It is not every day that one of India’s foremost constitutional experts takes the bull by its horns and issues a dire warning. Fali Nariman directly challenged India’s prime minister Narendra Modi about whether the appointment of Adityanath, a yogi, as chief minister of the northern state of Uttar Pradesh that saw the supremacist BJP swept to power on March 11, “is the beginning of a Hindu state.”

 


Image: Hindustan Times

Asked which citizens’ rights he worries are under threat, Nariman said, “The Constitution is under threat. With the massive electoral victory in Uttar Pradesh, a priest has been installed as the chief minister at the insistence of the prime minister… [It] is a signal and if you cannot see, then either you are the spokespersons of political parties or you must have your head or eyes examined.”

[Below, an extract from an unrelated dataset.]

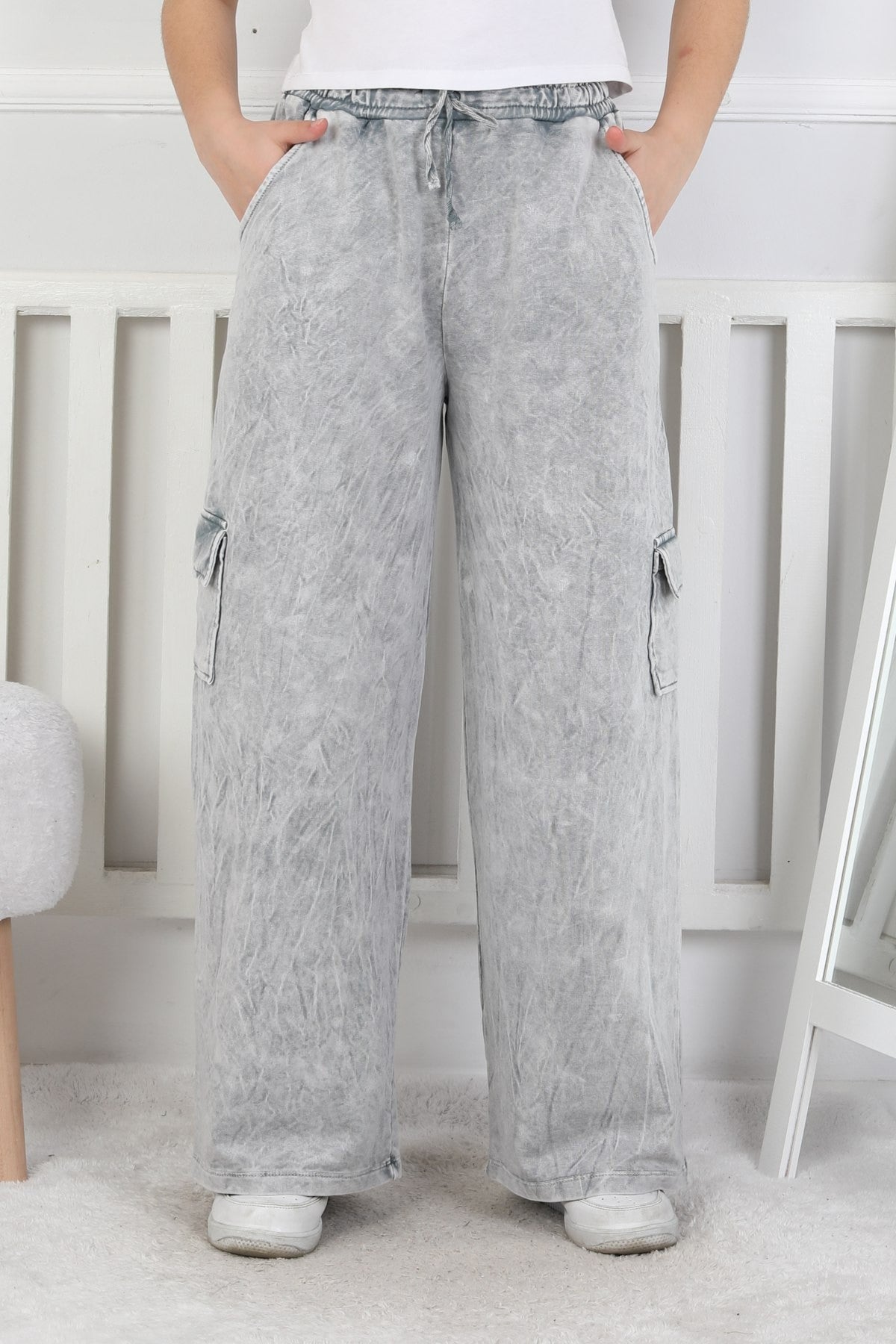 İki İplik Yıkamalı Kargo Çepli Kız Çocuk Gri Eşofman Altı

On May 14, with the election of an RSS pracharak as prime minister, the stranglehold of an organization, wedded to the conversion of the Indian Republic to a Hindu rashtra (theocratic state) became real. Today, 11 Indian states are governed by this ideology (in four others, the BJP is in alliance with another party). The overwhelming presence of this supremacist, anti-democratic and anti-egalitarian worldview is both real and threatening. Over the past 35 months, the legislative overreach by the stranglehold of this ideology has seen seminal changes in India’s laws that are becoming more and more exclusivist and majoritarian. On the economic front, the sway of corporate capital over the executive is evident over large sections of the electronic and print media.

Despite these disturbing trends, March 11 marked another dangerous threshold. The BJP’s electoral victory in Uttar Pradesh, made possible by the splintered vote allowing a 39 percent consolidation to creep into victory, was followed by a brazen decision to allow the “high command” (the name for the Modi-Amit Shah combination) to anoint Adityanath, a five-times elected official to India’s parliament. He has over a dozen criminal cases pending, including (for inciting hateful speech and leading violence against the state’s minorities) as chief minister. The sheer brazenness of the decision was at first widely criticized, after which even the media seemed to adjust itself to the new Indian normal.

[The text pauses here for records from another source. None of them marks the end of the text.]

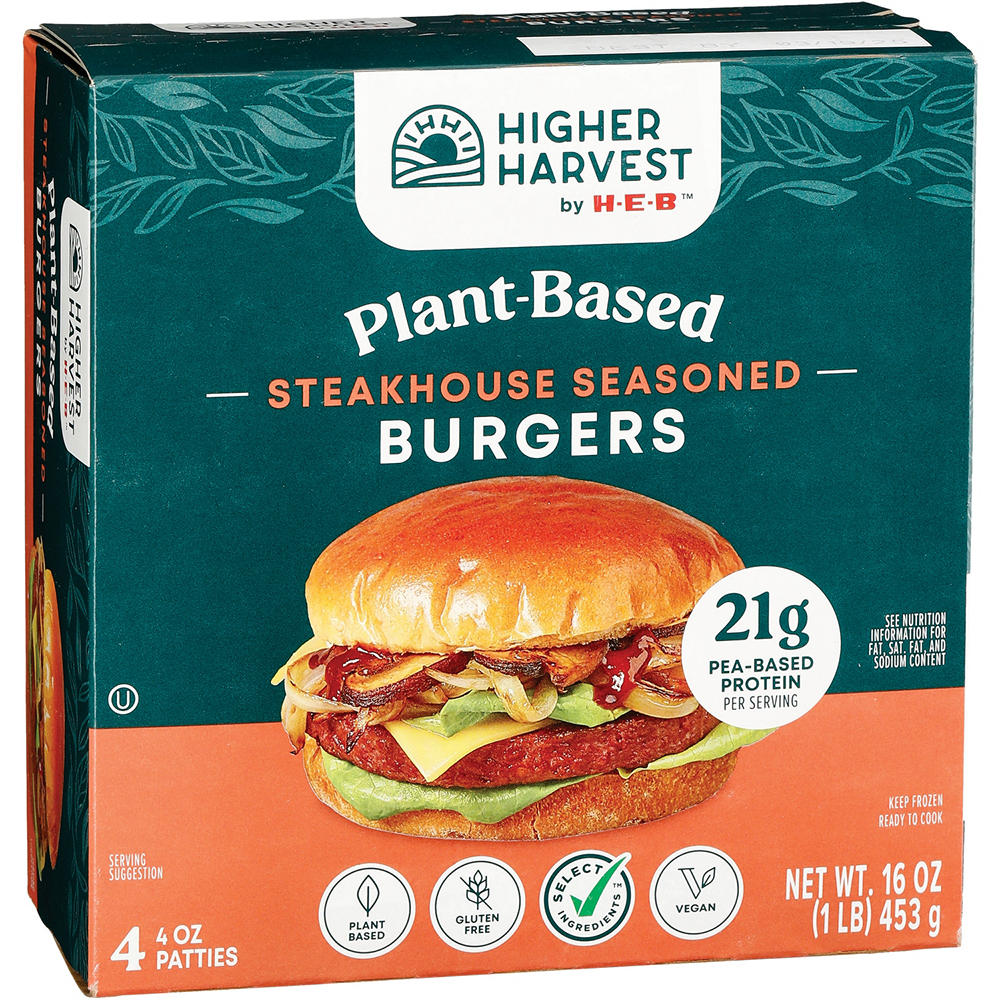 Higher Harvest by H-E-B Frozen Plant-Based Burger Patties – Steakhouse Seasoned, 4 ct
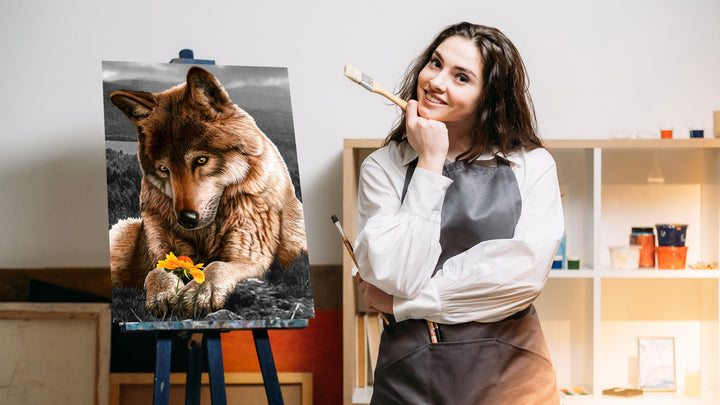 Paint By Numbers - Captivating Wolf Portrait With Flower: A Peaceful And Tender Depiction - Framed- 40x50cm - Arterium 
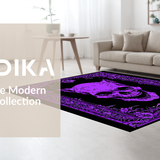 Ultra Soft Area Rug, Non Slip, Stain Resistant, Washable Area Rugs for Living Room, Bedroom, Mystical Skull Patterned Art(Purple)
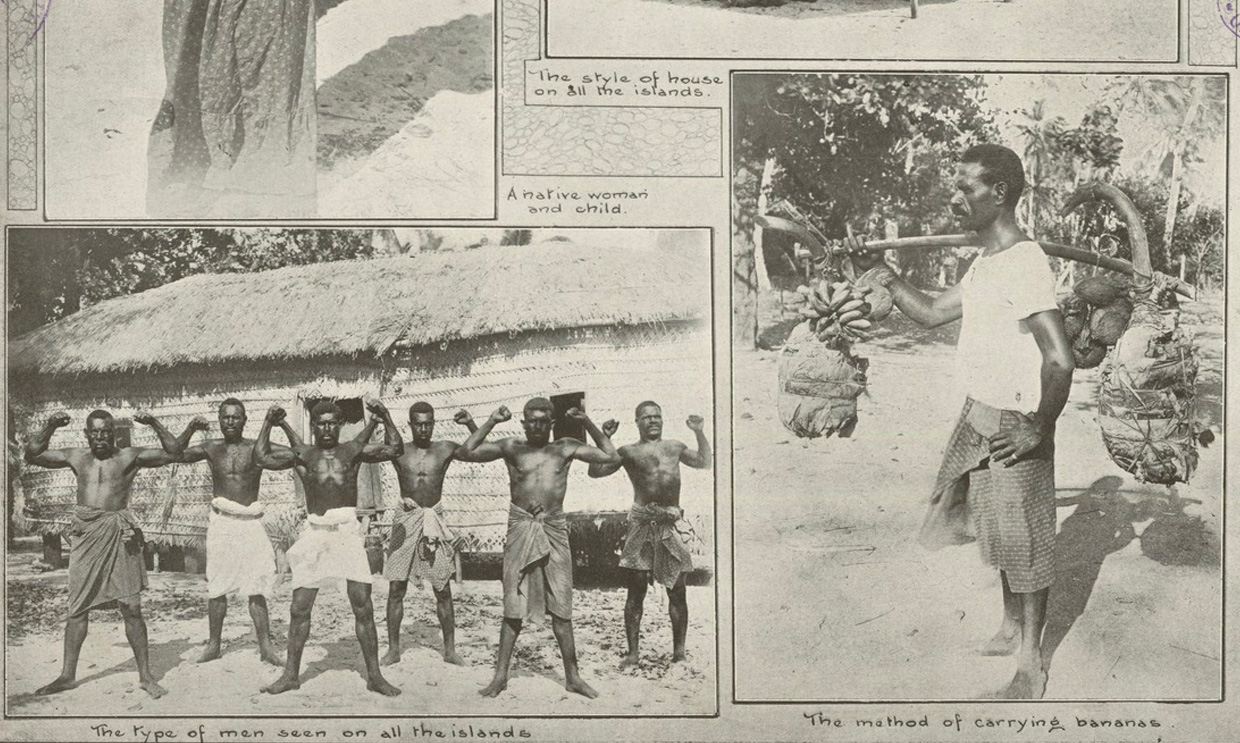 Group of photos showing boats, housing and First Nations people, 'A cruise round the islands of Torres Strait', The Queenslander, 27 October 1917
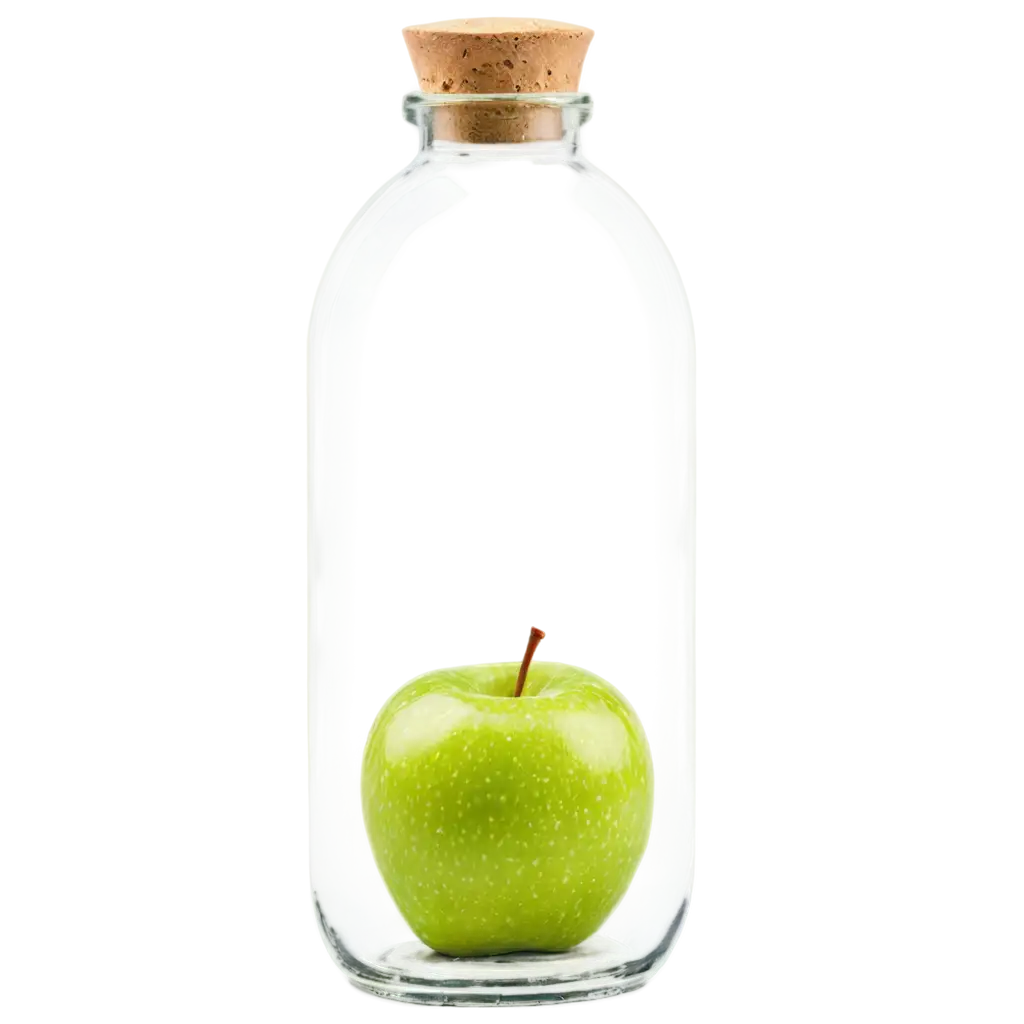 Vivid-Green-Apple-in-Clear-Bottle-PNG-Image-Freshness-Captured-in-High-Definition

The normal under Modi, now accelerated under Adityanath, has not been the development dream so artfully crafted by the Indian and foreign campaign managers and corporates of the 2014 campaign. The new normal has been an atmosphere of fear, threat and intimidation dotted by shameful incidents like public lynchings and killings by the “non-state actors” so closely allied to the Modi regime. Significantly, the targets have been largely India’s Muslims and Dalits. 

This trend that began soon after Modi gained power has received further push and fillip with the new supremacist star on the Indian political firmament, chief minister of Uttar Pradesh, Adityanath. The past 10 days have been filled with shameful attacks on minority-run meat and chicken shops, a trend that has fortunately drawn the ire of the High Court of Lucknow. The brazenly anti-woman “anti-Romeo” squads that have been targeting young men (and women) who freely associate each other are the other visible face of Adityanath’s rule. (This is also a crafted policy of the Hindu right to ensure that Hindu girls do not co-habitate with Others.)

Anti-Romeo squads” are policemen and women and vigilante groups operating outside the purview of the law, with the support of the Uttar Pradesh State, which threaten women’s freedoms. They purport to deal with the issue of sexual harassment, but these “squads” impose their own aggressive and arbitrary code through moral policing. It has come to light that in many cases, these squads have become an even greater source of harassment and fear for women and men, which has even been been acknowledged by the DG Police UP in his order of March 22 and March 25, 2017. Unfortunately, this order also opens up the door for moral policing, as it talks of “leaving alone couples in public spaces if their conduct is well within the traditional code.” The term “traditional code” is ambiguous and not defined, which once again allows police and public interference into the people’s privacy.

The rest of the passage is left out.